Sudan’s President Omar al-Bashir has become the first Arab League leader to visit Damascus since the war in Syria began nearly eight years ago.

Syria’s state-run news agency SANA said al-Bashir was greeted on Sunday at the capital’s airport by Syrian President Bashar al-Assad before they both headed to the presidential palace.

The two leaders discussed bilateral ties and the “situations and crises faced by many Arab countries”, the Syrian presidency said.

Photographs released by SANA showed them shaking hands at the airport in front of a Russian jet that appears to have brought the Sudanese president to Syria. Russia, a key ally of Assad, maintains an airbase southeast of the Syrian city of Latakia.

SANA quoted al-Bashir as saying during the meeting that he hopes Syria will recover its important role in the region as soon as possible. He also affirmed Sudan’s readiness to provide all that it can to support Syria’s territorial integrity.

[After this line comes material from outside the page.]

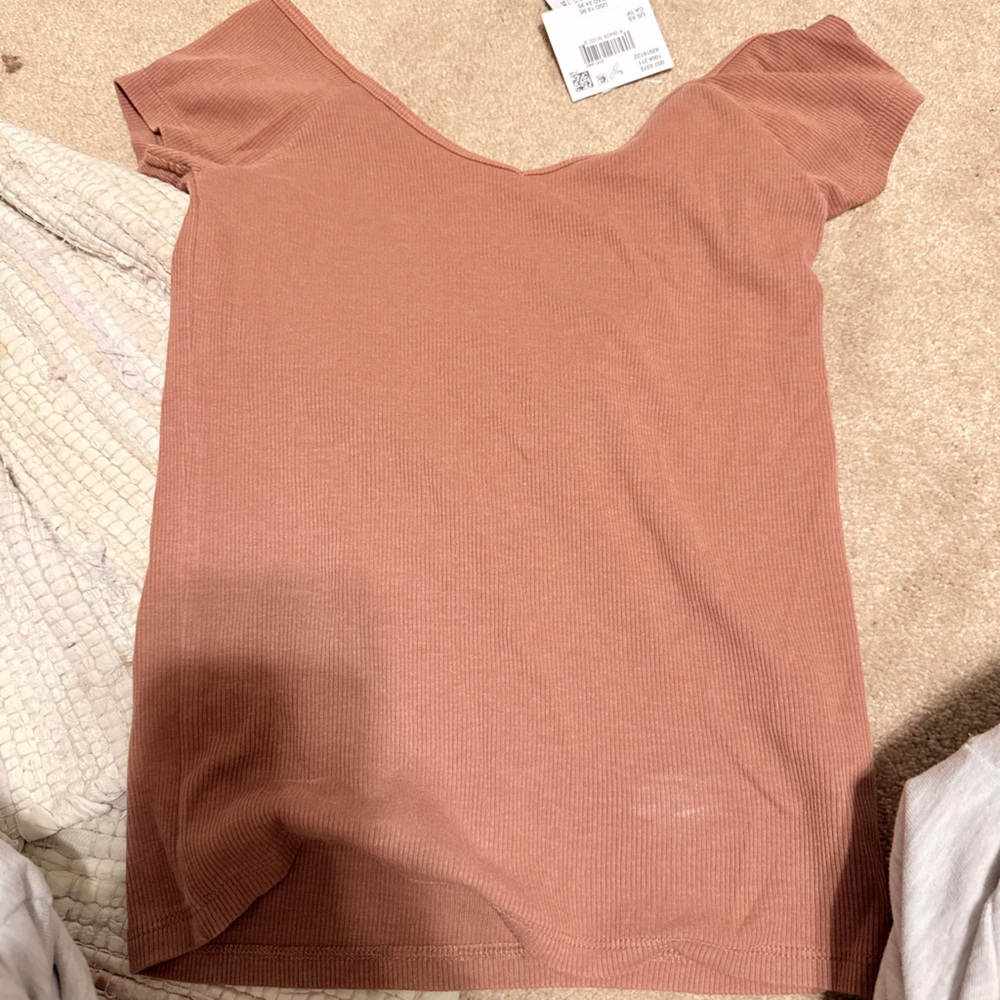 American Eagle Outfitters Rust Short Sleeve Tee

For his part, Assad thanked al-Bashir for his visit, asserting that it will give strong momentum for restoring relations between the two countries “to the way it was before the war on Syria”, SANA said.

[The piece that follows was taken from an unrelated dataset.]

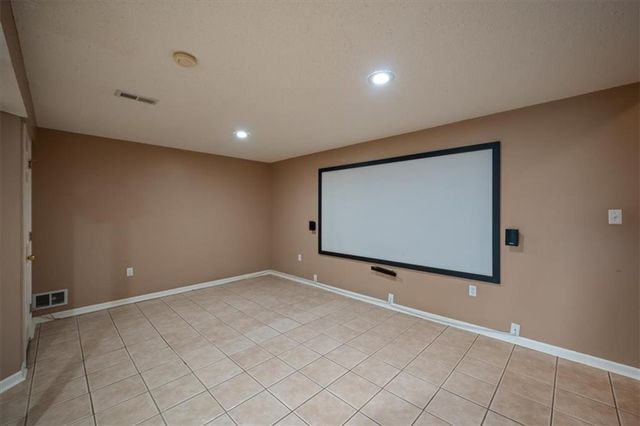 8202 W 144th Terrace, Overland Park, KS 66223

The reason for al-Bashir’s visit was not immediately clear.

Al-Assad thaw?

Syria was expelled from the 22-member Arab League soon after war broke out in 2011. Arab countries have sanctioned Damascus and condemned al-Assad for using overwhelming military force and failing to negotiate with the opposition.

But with the war in Syria winding down in favour of al-Assad as his Iranian- and Russian-backed forces recapture key cities and population centres, some Arab officials have expressed interest in exploring the restoration of ties.

In October, al-Assad told a Kuwaiti newspaper that Syria had reached a “major understanding” with Arab states after years of hostility. He did not name the Arab countries in the interview, which was his first with a Gulf paper since the war erupted, but he said Arab and Western delegations had begun visiting Syria to prepare for the reopening of diplomatic and other missions.

Just a week prior to that, Bahrain’s foreign ministers surprised observers by embracing his Syrian counterpart on the sidelines of a UN General Assembly meeting in New York. The warm encounter raised questions about whether some Gulf countries, most of them sworn enemies of al-Assad ally Iran, are reconsidering their relations with Syria.

Jordan also re-opened the Nassib crossing into Syria in October, while even neighbouring Israel has taken steps towards improving relations with the Assad governent – its Quneitra crossing in the occupied Golan Heights was partially re-opened that same month under Russian military supervision.

Meanwhile, Turkey, the last major backer of the Syrian opposition cornered in a part of northern Syria, has said it is prepared to engage with Damascus if the al-Assad government held and won free and fair elections.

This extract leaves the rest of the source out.